- [REQUIREMENT]: Transcribe the stretch of entries below from the line with "Bird storage jar by Hannah Turner" through the line with "Casă individuală cu", exactly and with both ends included; leave out all other lines.
---
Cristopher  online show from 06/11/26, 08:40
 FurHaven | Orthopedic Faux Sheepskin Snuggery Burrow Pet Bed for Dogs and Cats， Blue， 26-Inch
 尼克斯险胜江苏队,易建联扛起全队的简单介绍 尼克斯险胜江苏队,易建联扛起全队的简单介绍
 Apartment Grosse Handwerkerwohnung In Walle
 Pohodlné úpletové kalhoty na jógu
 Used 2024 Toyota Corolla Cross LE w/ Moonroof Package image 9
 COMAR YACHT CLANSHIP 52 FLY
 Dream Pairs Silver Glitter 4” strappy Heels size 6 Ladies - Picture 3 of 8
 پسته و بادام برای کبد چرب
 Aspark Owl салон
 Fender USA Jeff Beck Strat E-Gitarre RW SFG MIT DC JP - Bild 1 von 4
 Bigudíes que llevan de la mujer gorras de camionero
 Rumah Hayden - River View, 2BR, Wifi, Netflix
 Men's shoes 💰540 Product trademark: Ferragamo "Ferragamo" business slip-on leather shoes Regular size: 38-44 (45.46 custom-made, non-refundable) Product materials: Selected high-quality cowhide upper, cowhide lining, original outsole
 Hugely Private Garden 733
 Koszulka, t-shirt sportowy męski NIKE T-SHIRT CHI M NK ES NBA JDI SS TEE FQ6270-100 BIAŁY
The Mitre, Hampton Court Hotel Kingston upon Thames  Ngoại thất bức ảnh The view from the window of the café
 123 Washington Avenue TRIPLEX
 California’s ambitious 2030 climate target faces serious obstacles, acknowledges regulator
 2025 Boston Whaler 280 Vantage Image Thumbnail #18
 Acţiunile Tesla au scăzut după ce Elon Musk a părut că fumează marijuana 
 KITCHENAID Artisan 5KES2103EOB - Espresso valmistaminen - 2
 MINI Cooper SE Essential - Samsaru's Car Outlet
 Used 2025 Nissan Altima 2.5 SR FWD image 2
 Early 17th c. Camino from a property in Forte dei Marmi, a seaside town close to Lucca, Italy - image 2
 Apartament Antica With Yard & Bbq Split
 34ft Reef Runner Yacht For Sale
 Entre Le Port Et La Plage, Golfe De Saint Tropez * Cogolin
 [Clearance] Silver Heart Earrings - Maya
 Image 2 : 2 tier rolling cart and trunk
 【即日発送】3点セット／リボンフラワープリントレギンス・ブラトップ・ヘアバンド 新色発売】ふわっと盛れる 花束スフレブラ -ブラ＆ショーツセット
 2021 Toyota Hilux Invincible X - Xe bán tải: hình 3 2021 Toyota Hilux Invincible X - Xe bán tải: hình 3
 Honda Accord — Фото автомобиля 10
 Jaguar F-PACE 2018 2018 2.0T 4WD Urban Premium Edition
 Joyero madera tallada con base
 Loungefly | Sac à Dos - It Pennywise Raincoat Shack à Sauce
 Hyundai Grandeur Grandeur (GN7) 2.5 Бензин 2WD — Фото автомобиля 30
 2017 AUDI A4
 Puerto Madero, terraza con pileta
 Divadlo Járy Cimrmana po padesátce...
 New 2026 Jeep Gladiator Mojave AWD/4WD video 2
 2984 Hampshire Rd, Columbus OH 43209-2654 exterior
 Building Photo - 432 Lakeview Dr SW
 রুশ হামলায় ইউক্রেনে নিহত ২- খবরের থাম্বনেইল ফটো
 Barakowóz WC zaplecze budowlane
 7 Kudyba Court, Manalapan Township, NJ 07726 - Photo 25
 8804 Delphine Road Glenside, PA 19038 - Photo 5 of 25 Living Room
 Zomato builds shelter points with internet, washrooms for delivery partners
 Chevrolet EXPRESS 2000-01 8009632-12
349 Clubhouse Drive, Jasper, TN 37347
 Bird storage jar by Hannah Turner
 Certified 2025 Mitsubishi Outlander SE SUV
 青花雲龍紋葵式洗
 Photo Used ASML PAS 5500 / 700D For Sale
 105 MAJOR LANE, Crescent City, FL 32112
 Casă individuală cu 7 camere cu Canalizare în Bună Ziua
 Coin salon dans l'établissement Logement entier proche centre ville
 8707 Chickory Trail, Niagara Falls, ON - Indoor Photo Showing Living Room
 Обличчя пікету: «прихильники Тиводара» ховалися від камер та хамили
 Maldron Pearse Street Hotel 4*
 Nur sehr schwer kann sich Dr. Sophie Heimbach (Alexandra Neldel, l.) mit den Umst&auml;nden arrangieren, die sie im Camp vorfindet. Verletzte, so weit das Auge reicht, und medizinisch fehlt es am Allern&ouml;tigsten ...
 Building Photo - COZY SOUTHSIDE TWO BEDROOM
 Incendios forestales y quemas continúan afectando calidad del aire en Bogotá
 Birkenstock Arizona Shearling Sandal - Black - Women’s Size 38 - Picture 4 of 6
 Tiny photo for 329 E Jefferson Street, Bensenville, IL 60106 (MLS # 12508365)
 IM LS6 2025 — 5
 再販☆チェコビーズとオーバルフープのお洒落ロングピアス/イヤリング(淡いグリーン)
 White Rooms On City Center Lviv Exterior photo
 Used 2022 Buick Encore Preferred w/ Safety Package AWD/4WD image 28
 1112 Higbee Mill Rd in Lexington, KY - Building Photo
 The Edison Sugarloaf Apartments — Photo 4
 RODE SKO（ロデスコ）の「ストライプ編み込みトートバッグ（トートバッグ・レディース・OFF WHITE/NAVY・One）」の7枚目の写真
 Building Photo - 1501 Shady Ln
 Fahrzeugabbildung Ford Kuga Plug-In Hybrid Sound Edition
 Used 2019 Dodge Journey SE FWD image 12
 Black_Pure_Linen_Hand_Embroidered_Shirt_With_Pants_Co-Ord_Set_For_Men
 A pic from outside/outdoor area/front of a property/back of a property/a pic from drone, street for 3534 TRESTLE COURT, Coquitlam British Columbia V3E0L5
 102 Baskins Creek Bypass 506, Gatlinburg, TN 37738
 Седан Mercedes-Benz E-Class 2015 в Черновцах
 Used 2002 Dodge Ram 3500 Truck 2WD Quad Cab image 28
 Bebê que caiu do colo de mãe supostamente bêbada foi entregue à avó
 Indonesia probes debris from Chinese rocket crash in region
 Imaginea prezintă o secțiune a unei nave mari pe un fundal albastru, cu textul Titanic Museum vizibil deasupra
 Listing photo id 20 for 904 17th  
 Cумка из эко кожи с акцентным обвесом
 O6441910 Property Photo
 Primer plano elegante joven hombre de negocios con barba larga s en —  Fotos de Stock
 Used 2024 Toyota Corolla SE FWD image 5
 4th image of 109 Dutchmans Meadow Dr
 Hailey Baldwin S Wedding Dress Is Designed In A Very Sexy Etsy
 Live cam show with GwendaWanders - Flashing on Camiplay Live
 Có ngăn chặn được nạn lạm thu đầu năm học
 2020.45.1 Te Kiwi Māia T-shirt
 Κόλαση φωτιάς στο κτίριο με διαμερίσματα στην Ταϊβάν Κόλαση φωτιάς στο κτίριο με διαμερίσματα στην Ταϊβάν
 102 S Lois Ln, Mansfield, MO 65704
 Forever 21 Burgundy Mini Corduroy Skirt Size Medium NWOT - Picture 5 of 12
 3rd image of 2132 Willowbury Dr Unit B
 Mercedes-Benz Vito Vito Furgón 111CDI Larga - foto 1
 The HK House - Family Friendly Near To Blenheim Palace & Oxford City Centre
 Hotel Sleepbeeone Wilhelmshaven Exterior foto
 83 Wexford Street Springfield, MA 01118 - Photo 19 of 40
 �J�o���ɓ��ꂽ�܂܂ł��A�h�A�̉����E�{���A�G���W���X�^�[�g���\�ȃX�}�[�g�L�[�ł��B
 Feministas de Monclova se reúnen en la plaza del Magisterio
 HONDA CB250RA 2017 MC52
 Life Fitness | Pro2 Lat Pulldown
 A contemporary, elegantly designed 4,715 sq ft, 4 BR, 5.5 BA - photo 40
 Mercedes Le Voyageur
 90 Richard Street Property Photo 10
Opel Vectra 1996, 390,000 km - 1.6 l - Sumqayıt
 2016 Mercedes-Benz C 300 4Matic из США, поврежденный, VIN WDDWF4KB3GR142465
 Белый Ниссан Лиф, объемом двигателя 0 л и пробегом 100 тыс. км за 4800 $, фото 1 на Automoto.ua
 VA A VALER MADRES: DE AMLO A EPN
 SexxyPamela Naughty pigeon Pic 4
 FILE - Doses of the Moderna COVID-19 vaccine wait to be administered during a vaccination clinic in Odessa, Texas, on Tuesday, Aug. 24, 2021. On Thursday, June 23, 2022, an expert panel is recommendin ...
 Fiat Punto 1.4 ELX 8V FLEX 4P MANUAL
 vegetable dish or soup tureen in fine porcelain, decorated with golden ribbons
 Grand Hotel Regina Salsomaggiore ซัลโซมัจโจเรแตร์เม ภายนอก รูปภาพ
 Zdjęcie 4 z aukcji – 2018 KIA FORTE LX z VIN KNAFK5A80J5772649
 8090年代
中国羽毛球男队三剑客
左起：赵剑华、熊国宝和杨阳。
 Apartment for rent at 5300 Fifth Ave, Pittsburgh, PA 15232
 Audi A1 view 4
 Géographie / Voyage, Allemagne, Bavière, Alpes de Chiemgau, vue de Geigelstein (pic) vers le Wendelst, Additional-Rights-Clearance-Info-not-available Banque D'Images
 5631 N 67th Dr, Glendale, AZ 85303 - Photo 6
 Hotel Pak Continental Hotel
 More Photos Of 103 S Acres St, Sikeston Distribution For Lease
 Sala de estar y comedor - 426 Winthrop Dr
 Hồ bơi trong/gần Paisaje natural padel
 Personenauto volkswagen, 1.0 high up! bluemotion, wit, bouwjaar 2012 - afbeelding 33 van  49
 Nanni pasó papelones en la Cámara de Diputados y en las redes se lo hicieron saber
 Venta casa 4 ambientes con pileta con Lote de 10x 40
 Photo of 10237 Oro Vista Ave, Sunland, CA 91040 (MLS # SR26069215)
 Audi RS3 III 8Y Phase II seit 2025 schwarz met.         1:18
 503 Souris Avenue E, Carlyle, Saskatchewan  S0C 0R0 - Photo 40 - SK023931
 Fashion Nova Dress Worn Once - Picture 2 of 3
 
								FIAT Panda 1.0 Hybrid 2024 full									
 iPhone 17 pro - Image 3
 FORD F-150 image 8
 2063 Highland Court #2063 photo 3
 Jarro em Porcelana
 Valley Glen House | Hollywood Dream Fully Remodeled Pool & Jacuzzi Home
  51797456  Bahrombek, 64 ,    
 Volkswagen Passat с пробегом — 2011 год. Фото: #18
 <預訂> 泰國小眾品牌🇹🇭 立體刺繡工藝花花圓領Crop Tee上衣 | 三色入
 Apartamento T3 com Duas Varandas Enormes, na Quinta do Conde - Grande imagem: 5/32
---
- [TASK RESULT]:
 Bird storage jar by Hannah Turner
 Certified 2025 Mitsubishi Outlander SE SUV
 青花雲龍紋葵式洗
 Photo Used ASML PAS 5500 / 700D For Sale
 105 MAJOR LANE, Crescent City, FL 32112
 Casă individuală cu 7 camere cu Canalizare în Bună Ziua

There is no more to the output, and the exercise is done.